Ce phénomène, proprement scandaleux, s'explique en premier lieu par le développement des stratégies d'optimisation fiscale, qui permettent à certains de consacrer une partie de leur argent à payer des conseillers grâce auxquels ils pourront tirer profit de la moindre brèche dans le système afin de payer moins d'impôts.
L'autre raison, c'est l'accumulation des "niches fiscales". Celles-ci se sont multipliées depuis la seconde guerre mondiale, et surtout ces dernières décennies. En soi, une niche fiscale n'est pas forcément illégitime au moment où on l'introduit. Par exemple, décider que certains revenus du patrimoine devaient temporairement échapper à l'impôt sur le revenu n'était pas absurde, dans le contexte de la reconstruction de l'après-guerre. En revanche, c'est devenu quelque chose de complètement incompréhensible aujourd'hui.

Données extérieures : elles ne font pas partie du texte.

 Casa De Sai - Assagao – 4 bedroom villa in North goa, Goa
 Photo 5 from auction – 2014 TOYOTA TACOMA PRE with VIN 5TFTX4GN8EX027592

L'addition de ces exemptions, qui se sont ajoutées les unes aux autres dans notre histoire et sous tous les gouvernements, fait que notre système fiscal actuel n'obéit absolument plus au grand principe de 1789 : "à revenu égal, impôt égal".
En matière d'impôts, une nouvelle nuit du 4 août est donc nécessaire. Mais, comme l'argent circule aujourd'hui beaucoup plus facilement qu'en 1789, certaines actions ne peuvent être menées qu'au niveau international, comme par exemple quand l'administration Obama a menacé les banques suisses de leur retirer leur licence aux Etats-Unis si elles ne communiquaient pas leurs fichiers de contribuables américains.
Sur ce terrain, la France a beaucoup parlé, mais n'a rien fait. Bien au contraire : les cadeaux aux contribuables les plus privilégiés se sont multipliés, et aucune réforme fiscale d'ensemble n'a été envisagée. Avec le bouclier fiscal, les 1 000 plus gros contribuables ont ainsi reçu cette année de l'administration un chèque moyen égal à 30 années de smic (350 000 euros).
Justifier cela au motif qu'il ne s'agit somme toute que d'un petit nombre de personnes revient à passer à côté du sujet. En 1789 déjà, certains faisaient valoir que l'aristocratie ne représentait qu'à peine 1 % de la population, et qu'il ne fallait pas aiguiser la jalousie du peuple à l'égard de ses élites naturelles.
L'exigence d'égalité et de justice fiscale était pourtant nécessaire, incontournable. Elle l'est toujours aujourd'hui.